HOW TO COMPLETE THIS TASK> Leave the pictures out. Retype exactly the lines below from the one containing "photography before and" through the one containing "Breast Reduction/Lift Results", and no others.

SUPPLIED ENTRIES>

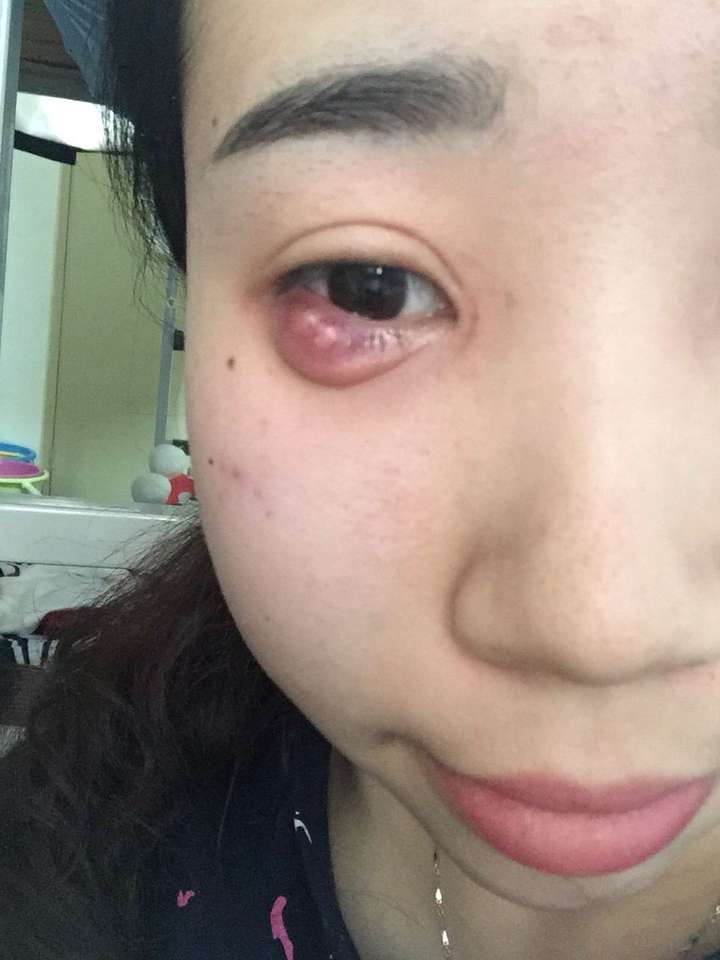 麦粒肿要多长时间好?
==
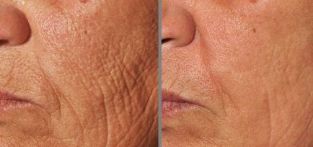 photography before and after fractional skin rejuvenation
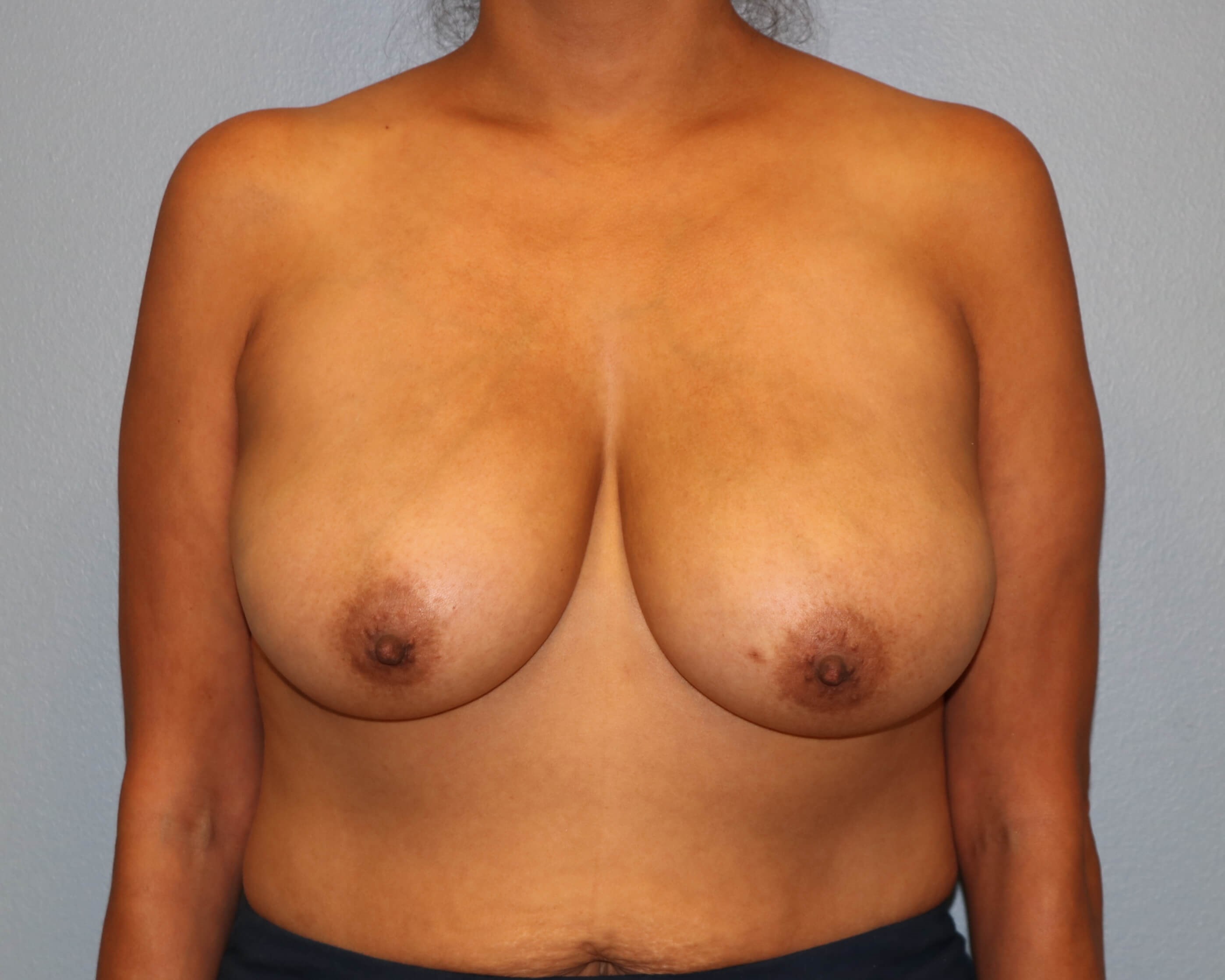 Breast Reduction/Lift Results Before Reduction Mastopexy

EXERCISE SOLUTION>
 photography before and after fractional skin rejuvenation
 Breast Reduction/Lift Results Before Reduction Mastopexy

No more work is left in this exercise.